The article also further explains how WebSockets come into the picture in a cache-poisoning attack:
Consider an intermediary examining packets exchanged between the browser and the attacker’s server. As above, the client requests
WebSockets and the server agrees. At this point, the client can send
any traffic it wants on the channel. Unfortunately, the intermediary
does not know about WebSockets, so the initial WebSockets handshake
just looks like a standard HTTP request/response pair, with the
request being terminated, as usual, by an empty line. Thus, the client
program can inject new data which looks like an HTTP request and the
proxy may treat it as such. So, for instance, he might inject the
following sequence of bytes: GET /sensitive-document HTTP/1.1 Host: target.com
When the intermediary examines these bytes, it might conclude that
these bytes represent a second HTTP request over the same socket. If
the intermediary is a transparent proxy, the intermediary might route
the request or cache the response according to the forged Host header.

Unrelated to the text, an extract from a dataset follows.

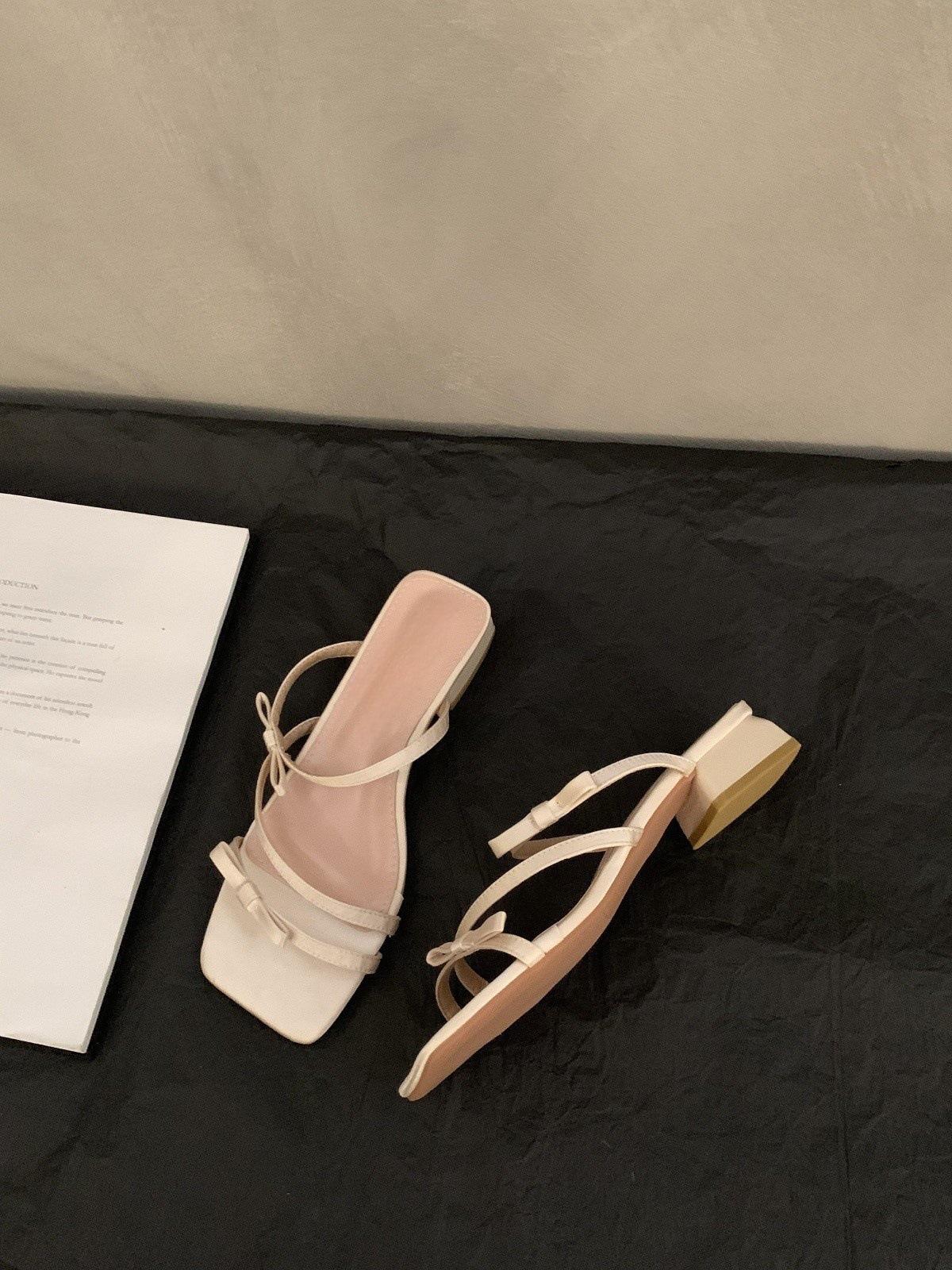 Туфли-шлепанцы на толстом каблуке с открытым носком, фея, носить 2025, новые летние, розовые, с юбкой, жемчужные сандалии 39
Туфли-шлепанцы на толстом каблуке с открытым носком, фея, носить 2025, новые летние, розовые, с юбкой, жемчужные сандалии 39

In the above example, the malicious script took advantage of the WebSocket not being understood by the intermediary and "poisoned" its cache. Next time someone asks for sensitive-document from target.com they will receive the attacker's version of it. Imagine the scale of the attack if that document is for google-analytics.
To conclude, by forcing a mask on the payload, this poisoning won't be possible. The intermediary's cache entry will be different every time.